To my kids, Mummy is so sorry. Future parents and parents unaware of vaccine risks Please Read [sic]. Vaccine inserts. You don’t want to be a future me praying on your knees asking God for a do-over. Love Mum. (@1986theact, Jan 11, 2021)

There is a clear absence of the father in these portrayals. While parents are called on to refuse mask-wearing and protect their children’s civil liberties, it is consistently the mother who is imagined as the author and recipient of anti-vaccine messaging.

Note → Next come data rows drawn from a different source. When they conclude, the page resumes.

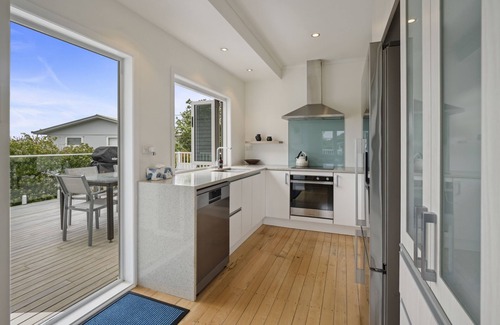 Leigh Cottage | Sun-drenched Bach - Leigh Holiday Home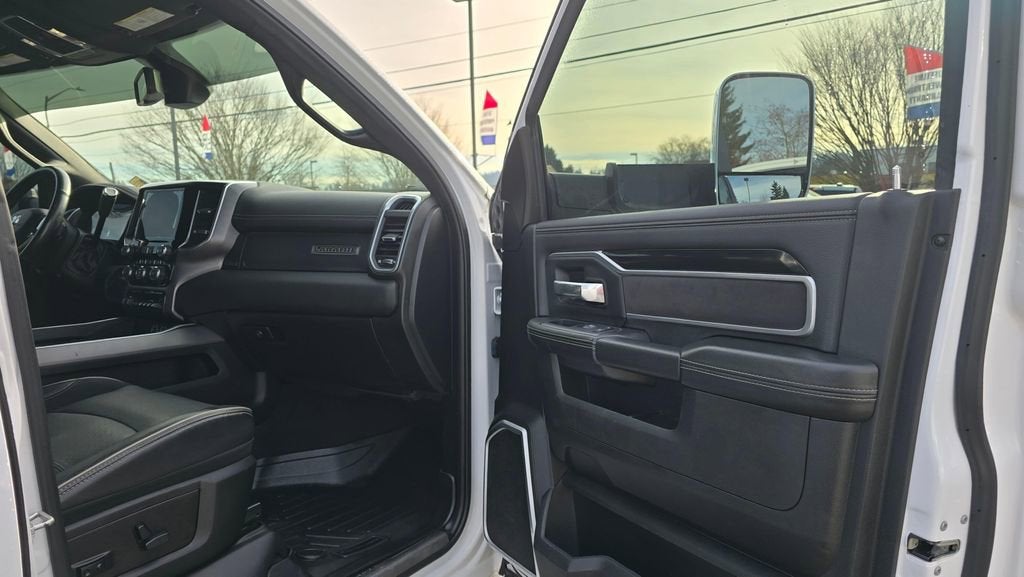 2020 RAM 3500 Laramie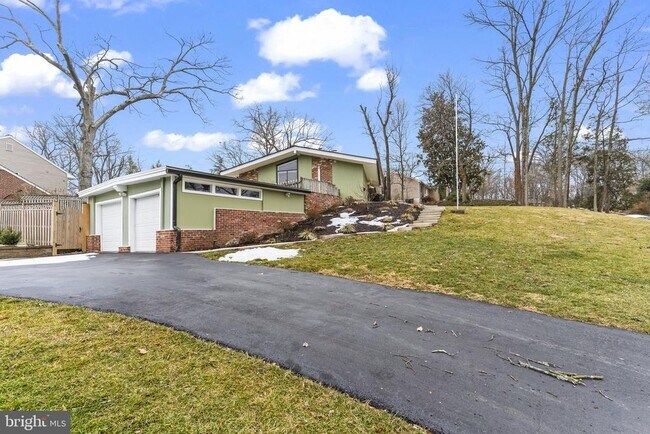 Building Photo - 7609 Woodridge Cir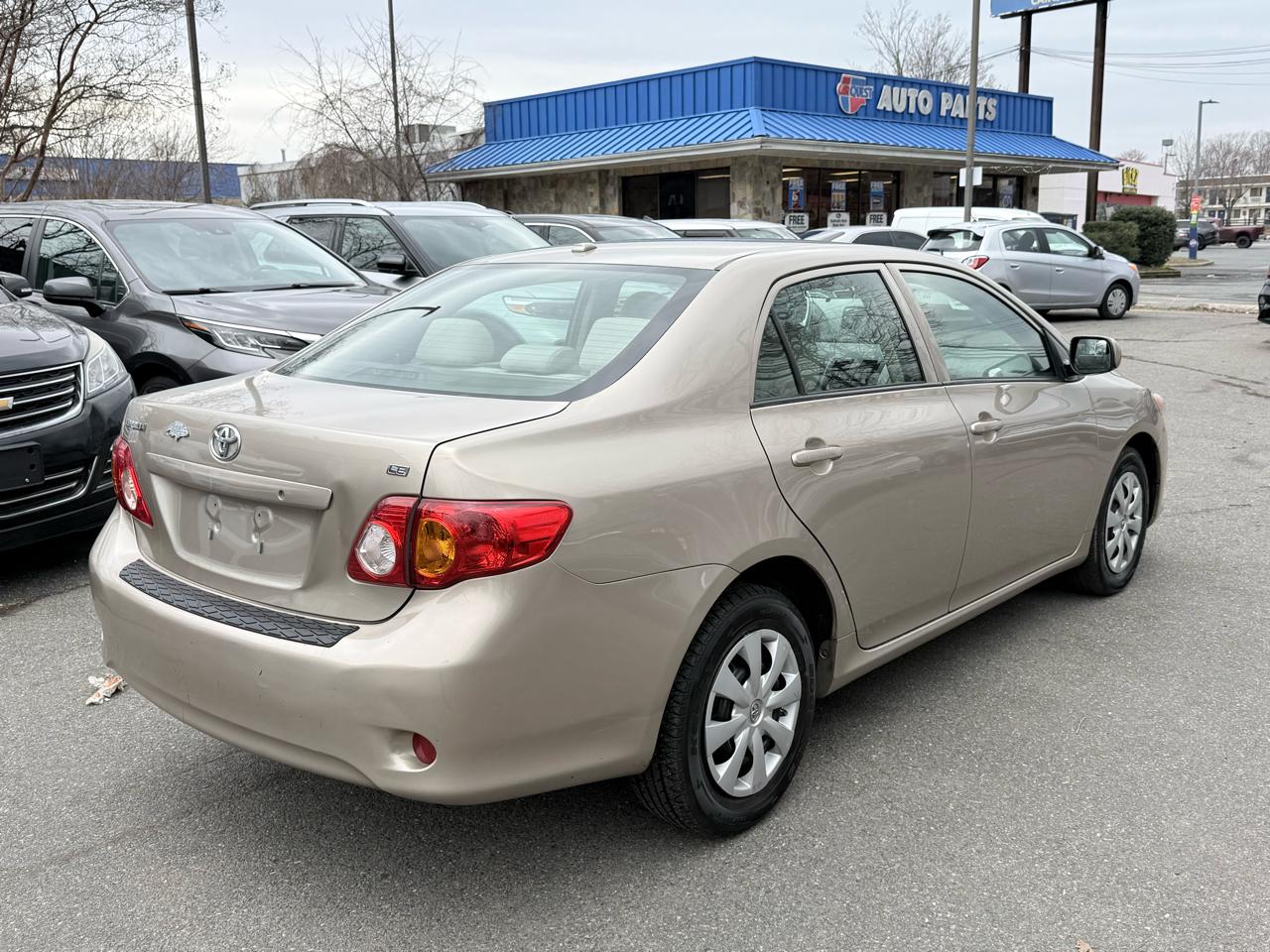 Toyota Corolla LE 2009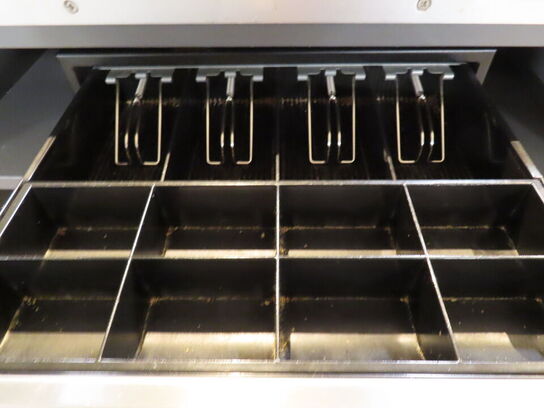 POS terminal med dankortterminal, stregkodescanner og pengeskuffe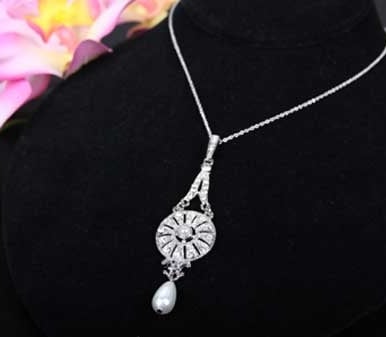 Beverly Clark 56-2227 Chandelier Necklace With Round Pearl Center - Silver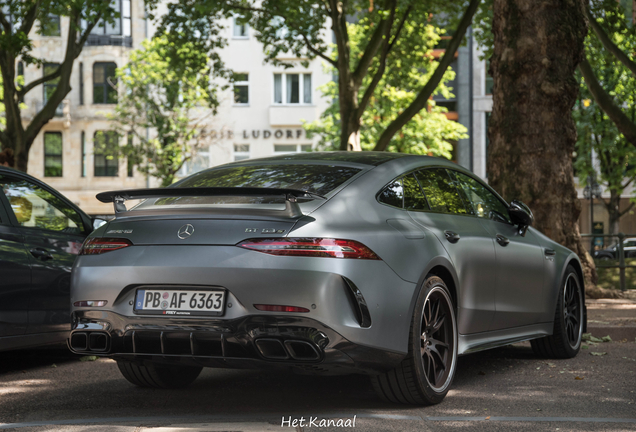 Mercedes-AMG GT 63 S X290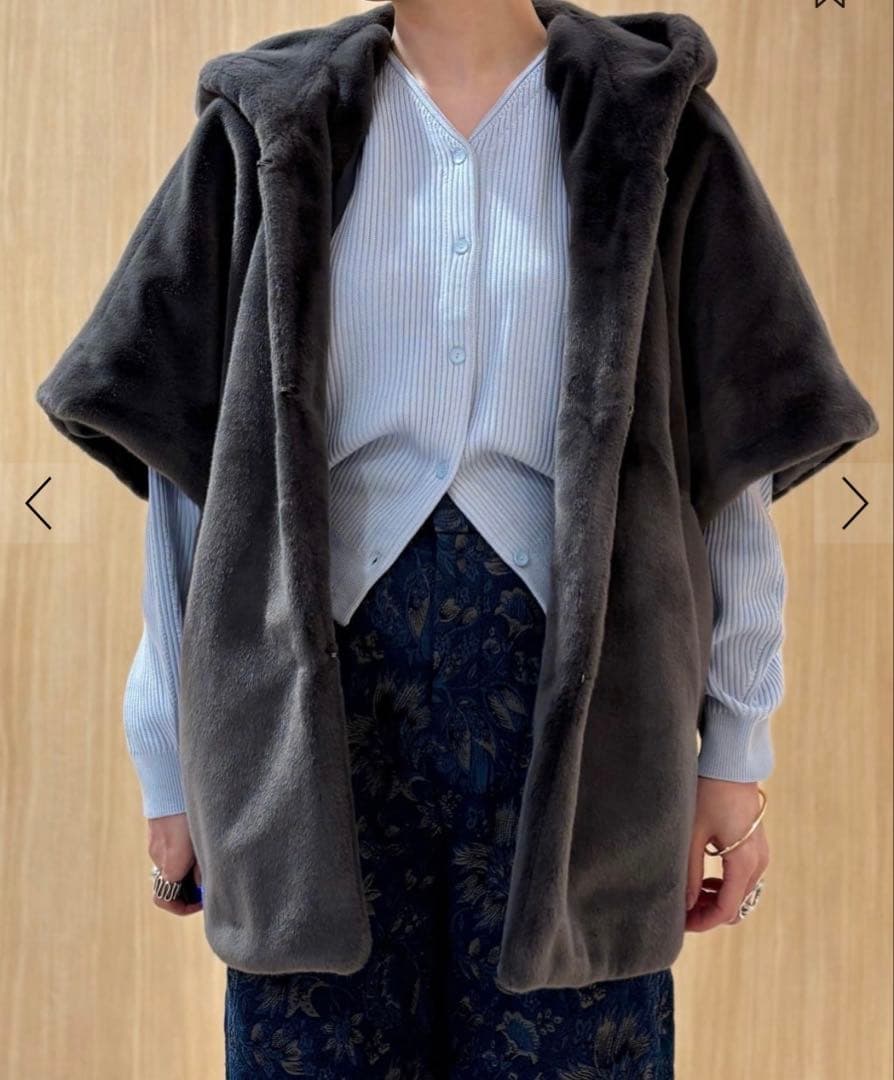 TOMORROWLAND スムースファー フーディーポンチョ（グレー）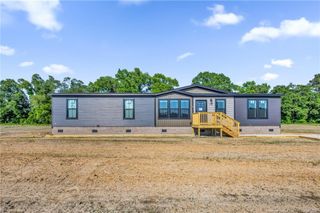 157 Atlas Drive, Lumberton, NC 28358
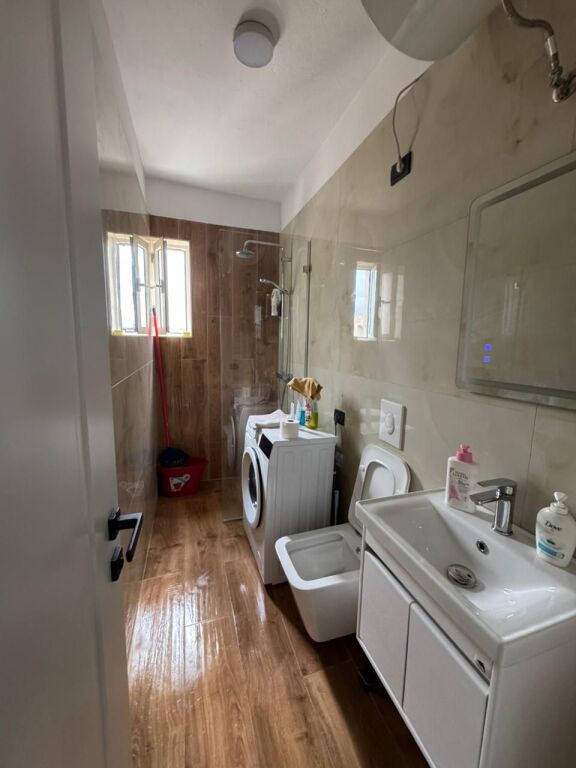 🏢 Appartamento 1+1 in affitto –📍  Al Nuovo Mercato💰 Prezzo: 50.000 lek / mese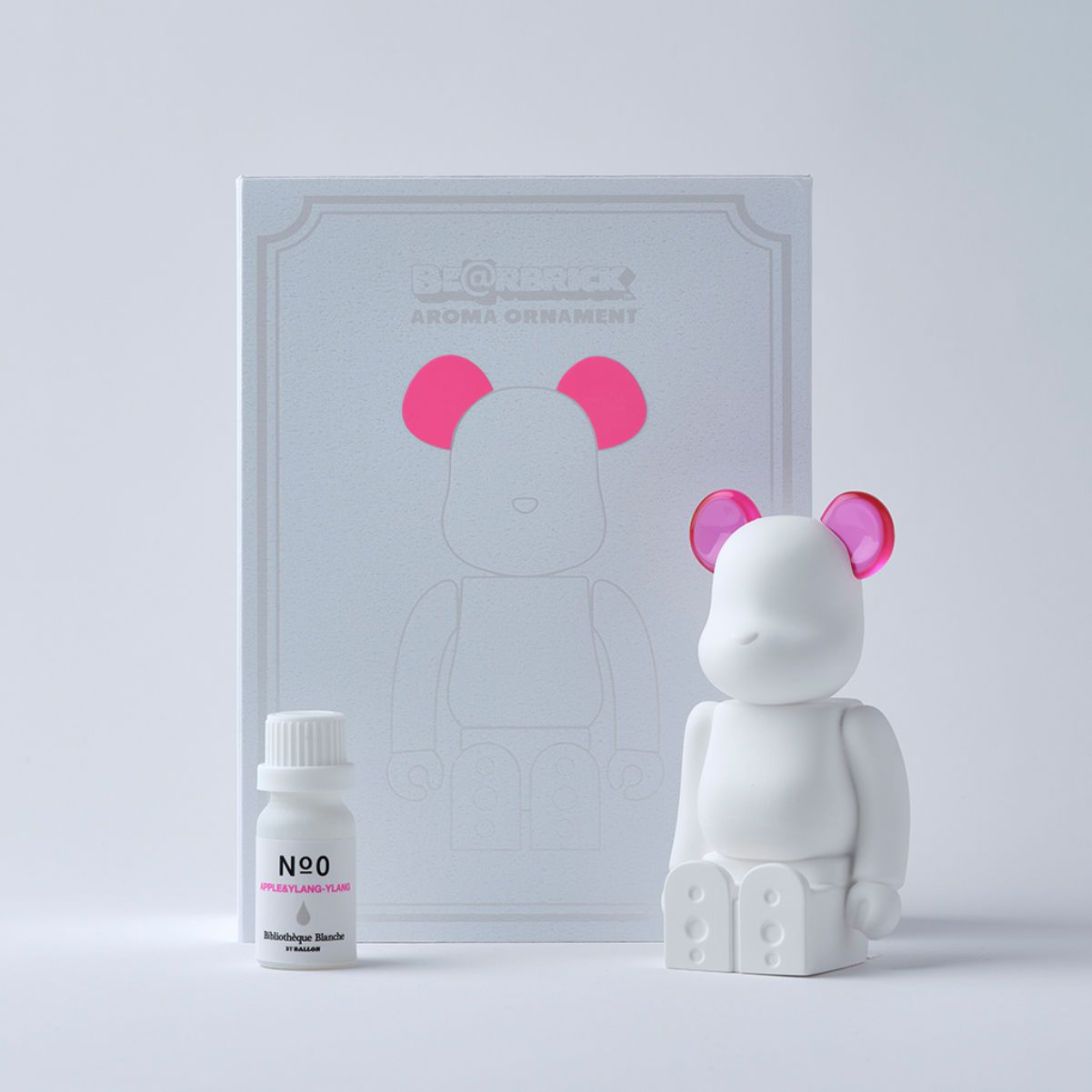 Medicom x Bibliotheque Blanche Be@rbrick Pink Aroma Ornament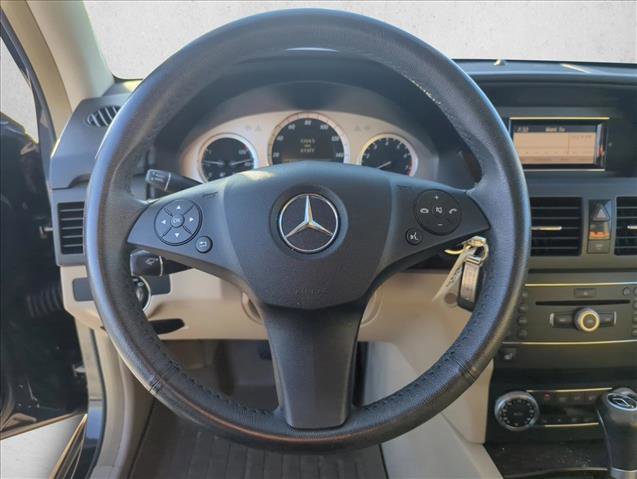 Used 2010 Mercedes-Benz GLK 350 4MATIC image 13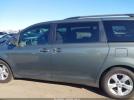 Toyota Sienna Le V6 8 Passenger Image 10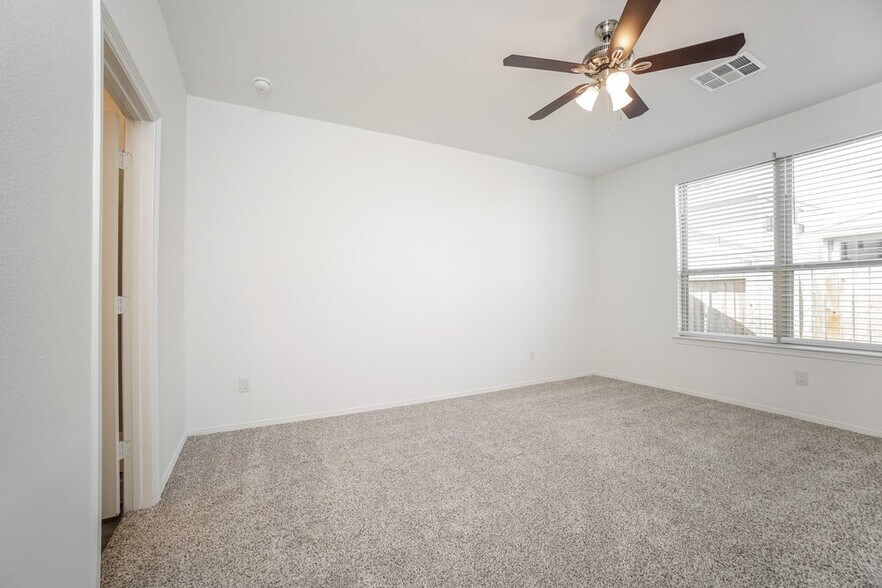 Building Photo - 16731 Rover Ln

In addition to these personal anecdotes, hashtags are commonly used to extend audience reach. This is achieved by associating anti-vaccine messages with popular protest movements, such as Black Lives Matter. For example, theories of medical racism, which draw attention to the racist policies and practices that historically informed the medical academy (e.g., unequal access to health care, the segregation of medical facilities and involuntary medical experimentation on racial minorities – see Nuriddin et al., Citation2020), began to circulate on Andrew Wakefield’s account on 2 June 2020, a week after George Floyd was killed. Several of Wakefield’s posts in the following week drew on this theme of medical racism to encourage vaccine hesitancy by claiming that the government is ‘endangering’ black children via vaccination despite knowing that ‘African American boys are 236% more likely to be diagnosed with autism when vaxxed with MMR’. The theme of medical racism, which is presented as ‘the new apartheid’, was also employed by Kevin Jenkins and Robert F. Kennedy Jr., before Kennedy’s Instagram account was suspended. While the issue of medical racism appeared to have limited impact, Wakefield’s association of anti-vaccine content with the Save the Children charity proved to be more effective in extending audience reach. From the 3 May 2021, Wakefield hijacked the #SavetheChildren, #SaveourChildren and #SavetheBabies hashtags to promote his new film, 1986 – The Act. This resulted in a significant increase in engagement with likes on subsequent posts using these hashtags more than doubling from 1171 to 2990. The #SavetheChildren hashtags not only made Wakefield’s posts more discoverable, they associated the anti-vaccine movement and the Save the Children movement as common efforts to protect innocent children from harm.

The intuitive mother

The intuitive mother is another prominent theme found in our sample to promote vaccine refusal. In these posts maternal intuition is celebrated as an innate form of wisdom, symbolically pitched against the abstract, professionalised knowledge of medical experts and elites. This symbolic coding privileges intuitive knowledge as a superior form of knowledge derived from lived experience in contrast to the medical establishment (Baker & Rojek, Citation2019b). This shared rejection of mainstream medicine is precisely why the Disinformation Dozen, many of whom have medical qualifications, are able to align themselves with the intuitive mother. Andrew Wakefield, for example, describes his most recent film as ‘a story about one of the most powerful forces in the universe: maternal intuition’ (@1986theact, 26 June 2020). One post featuring a mother holding her young child quotes Wakefield directly, ‘A mother’s intuition: it’s real and we have to believe in it’ (@1986theact, 17 December 2020), aligning Wakefield with mothers against the medical establishment, who are alleged to have ignored or harmed them. Another of Wakefield’s posts features a mother embracing her child accompanied by the statement: ‘maternal intuition is a force of nature’ (@1986theact, 7 October 2020). Both posts use the captions to highlight a mother’s ability to ‘sense danger’, noting that mothers ‘are biologically and spiritually equipped to protect their child from that danger’. The overarching message is that truth is not about ‘logic’ but grounded in feeling and intuition. This framing builds on a legacy of positioning anti-vaccine content as natural and holistic in contrast to mainstream medicine, which is depicted as purely instrumental. As Attwell et al. (Citation2018, p. 1625) have shown in relation to vaccine rejecting parents, this symbolic framing presents the vaccinating mainstream as an ‘Unhealthy Other’, who neglect their health, enact ‘inadequate parenting values’, ‘wilful or misguided ignorance’, and are complicit in the ‘toxic practices’ that characterise mass industrial society.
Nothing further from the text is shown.